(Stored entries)
------------
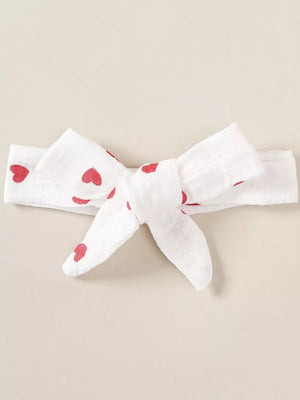White baby headband with red heart print and a knot bow detail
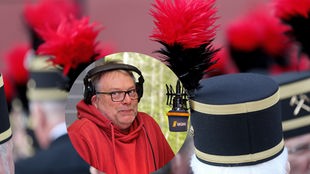 Moderator Joachim "Auge" Augner sitzt im WDR 4-Studio, im Hintergrund Bergleuter mit der typischen Steiger-Kopfbedeckung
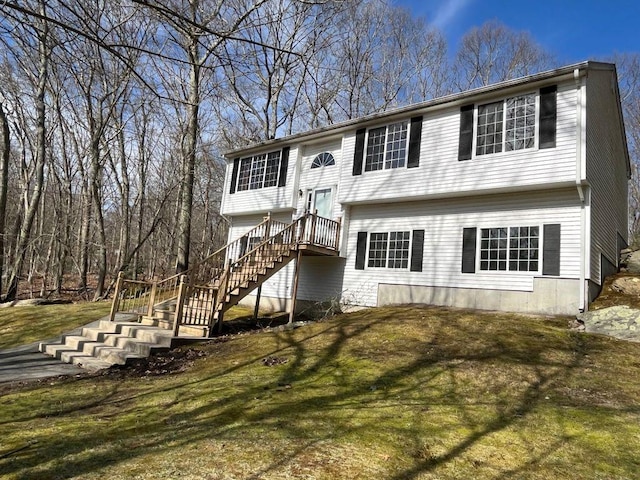 bi-level home featuring a front lawn and stairs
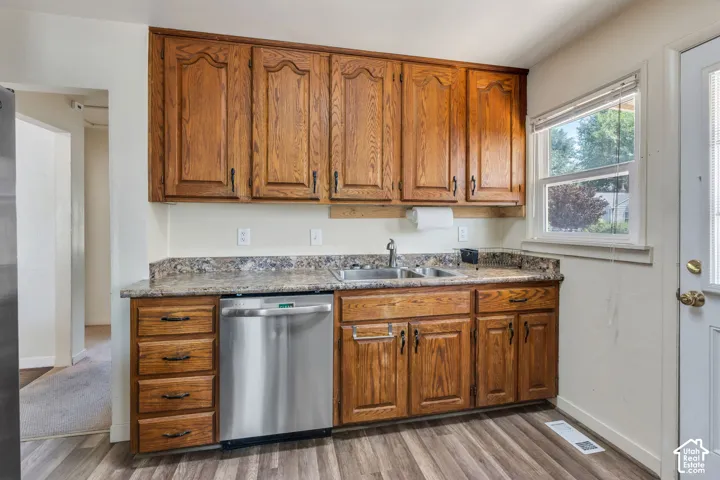 Kitchen featuring wood cabinetry, stainless steel dishwasher, dual basin sink, laminate countertops, and wood-finish flooring
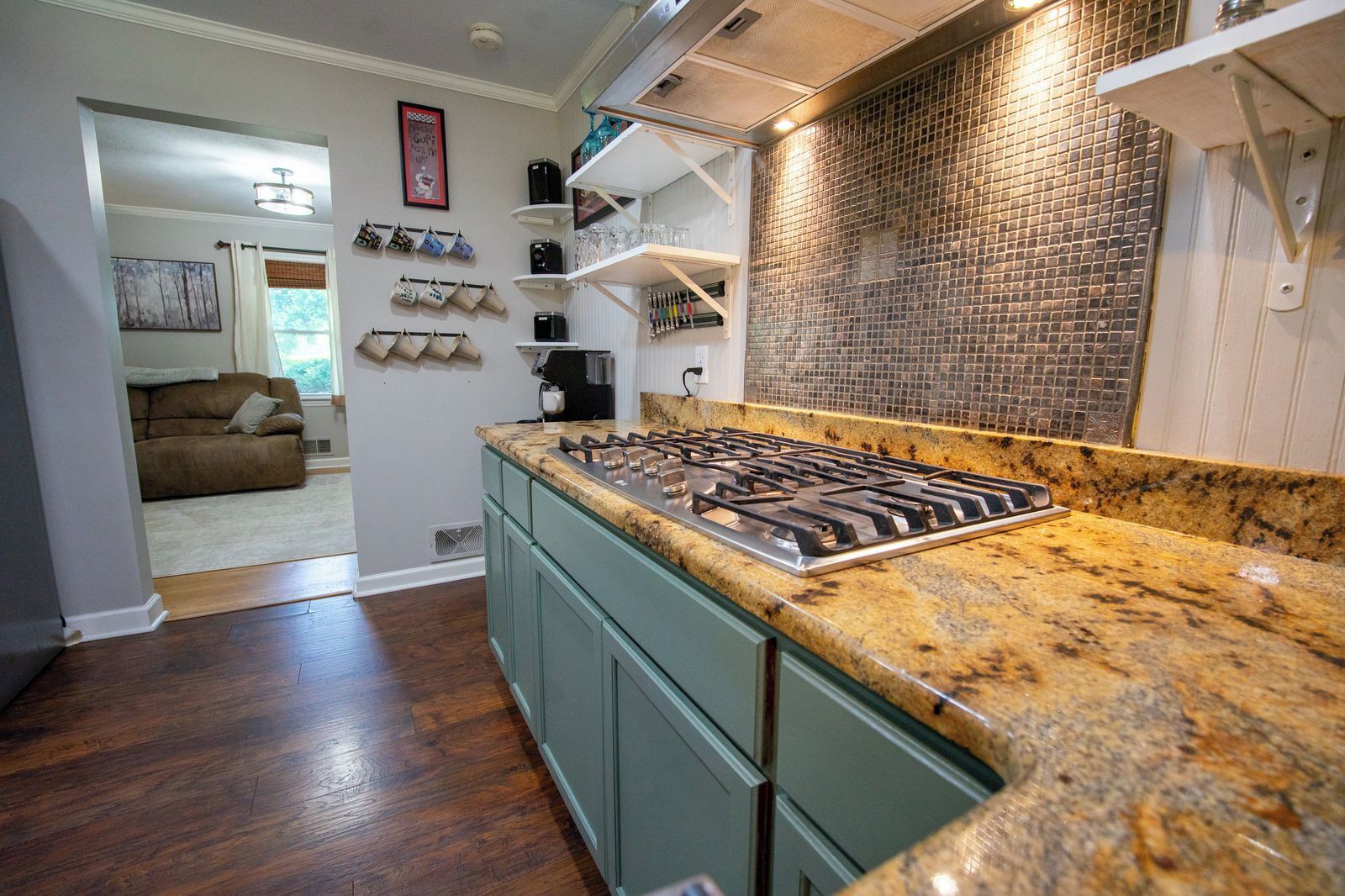 Una cocina con estufa a gas, encimera de granito y salpicadero con diseño de mosaico.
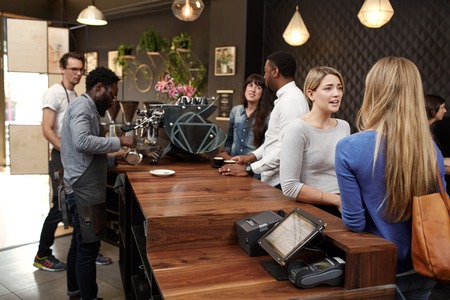 Mixed racial group of people in a modern cafe, baristas working behind the wooden counter and customers chatting while waiting for their coffees to be madeの写真素材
------------
To do
The answer must be the lines above, word for word, from the first one through the line with "bi-level home featuring", pictures excluded.

Solution
White baby headband with red heart print and a knot bow detail
 Moderator Joachim "Auge" Augner sitzt im WDR 4-Studio, im Hintergrund Bergleuter mit der typischen Steiger-Kopfbedeckung
 bi-level home featuring a front lawn and stairs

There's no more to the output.